**What you should do:** Retype each entry. Leave nothing out.

------ Input ------

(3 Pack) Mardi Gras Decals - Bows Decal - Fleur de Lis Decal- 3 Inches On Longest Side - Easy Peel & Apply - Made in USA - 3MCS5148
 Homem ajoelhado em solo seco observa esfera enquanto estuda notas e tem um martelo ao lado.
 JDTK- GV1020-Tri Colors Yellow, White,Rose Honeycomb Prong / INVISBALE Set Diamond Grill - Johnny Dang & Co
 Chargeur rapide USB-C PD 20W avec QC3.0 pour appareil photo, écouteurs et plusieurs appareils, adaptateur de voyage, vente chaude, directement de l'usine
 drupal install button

------

**Solution to the problem:**
(3 Pack) Mardi Gras Decals - Bows Decal - Fleur de Lis Decal- 3 Inches On Longest Side - Easy Peel & Apply - Made in USA - 3MCS5148
 Homem ajoelhado em solo seco observa esfera enquanto estuda notas e tem um martelo ao lado.
 JDTK- GV1020-Tri Colors Yellow, White,Rose Honeycomb Prong / INVISBALE Set Diamond Grill - Johnny Dang & Co
 Chargeur rapide USB-C PD 20W avec QC3.0 pour appareil photo, écouteurs et plusieurs appareils, adaptateur de voyage, vente chaude, directement de l'usine
 drupal install button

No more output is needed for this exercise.